Les associations et les autres acteurs de l’ESS le font aussi parce qu’ils se disent qu’ils seraient en première ligne d’une victoire du RN. Celle-ci se traduirait assez probablement par une réduction des financements et aurait des conséquences néfastes sur les libertés associatives. Les valeurs que portent ces associations les mobilisent aussi, sur les questions environnementales par exemple.
- Peut-on parler de délitement du tissu associatif et solidaire ?
Le terme délitement est un peu fort. Il y a une forme de fragilisation du rôle social, civique et politique, au sens non partisan du terme, de ces acteurs-là. Ces éléments ressortent de mes enquêtes. Il y a des formes de professionnalisation, de brouillage de la frontière entre les acteurs associatifs et lucratifs. Cela est lié à l’évolution des modalités de financement qui se traduisent par une transformation de leurs activités et de leur capacité à intervenir dans le débat public. Les nouvelles modalités leur laissent moins d’autonomie. C’est un long processus, avec différents jalons. Je dirais qu’il date d’il y a une vingtaine d'années, avec l’essor des appels à projet et la montée des marchés publics.

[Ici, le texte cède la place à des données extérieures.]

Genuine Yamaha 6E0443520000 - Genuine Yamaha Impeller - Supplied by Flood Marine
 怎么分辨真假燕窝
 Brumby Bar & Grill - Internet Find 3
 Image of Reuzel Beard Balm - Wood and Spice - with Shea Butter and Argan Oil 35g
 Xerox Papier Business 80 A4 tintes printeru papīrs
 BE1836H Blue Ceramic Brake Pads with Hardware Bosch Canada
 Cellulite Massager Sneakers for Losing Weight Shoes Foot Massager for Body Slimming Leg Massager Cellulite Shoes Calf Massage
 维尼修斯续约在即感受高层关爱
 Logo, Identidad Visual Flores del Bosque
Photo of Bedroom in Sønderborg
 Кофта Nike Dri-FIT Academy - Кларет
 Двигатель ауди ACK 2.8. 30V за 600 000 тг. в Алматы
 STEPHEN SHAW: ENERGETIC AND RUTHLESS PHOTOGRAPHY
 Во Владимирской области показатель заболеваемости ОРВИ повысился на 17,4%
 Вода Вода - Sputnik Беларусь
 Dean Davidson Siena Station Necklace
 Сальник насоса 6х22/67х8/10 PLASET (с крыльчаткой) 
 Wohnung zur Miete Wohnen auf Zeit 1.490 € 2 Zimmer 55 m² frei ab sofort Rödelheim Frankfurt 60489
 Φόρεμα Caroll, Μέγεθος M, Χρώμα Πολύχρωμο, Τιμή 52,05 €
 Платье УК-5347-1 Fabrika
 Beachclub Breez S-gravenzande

Un autre facteur est l’évolution des relations entre associations et pouvoirs publics en matière de libertés associatives. On parle beaucoup du contrat d’engagement républicain (CER), qui parachève une situation de crispation préexistante depuis au moins 2015. Les pouvoirs publics tolèrent de moins en moins les interventions critiques des acteurs associatifs dans l’espace public. Les gouvernements et collectivités de droite comme de gauche ont créé un environnement institutionnel moins favorable au rôle des acteurs associatifs de mobilisation des abstentionnistes.
On a vu depuis une dizaine d'années une montée en puissance du pouvoir discrétionnaire des préfectures et des collectivités soit dans l’attribution et le retrait des financements, soit dans les dissolutions administratives.
- Comment cette situation évoluerait-elle en cas d’arrivée au pouvoir de l'extrême droite ?
Dans ce contexte, on peut imaginer que ce caractère discrétionnaire et cette police administrative des associations seraient renforcés et contribueraient à affaiblir les acteurs perçus comme des opposants au RN.
A titre plus personnel, je défends des formes d’autonomies des associations. Il faut que leur capacité d’action ne dépende pas de l'orientation des pouvoirs publics. On a créé par des mécanismes successifs - dont le CER est l’aboutissement - les conditions pour que l'extrême droite puisse sanctionner assez fortement les associations si elle parvenait au pouvoir.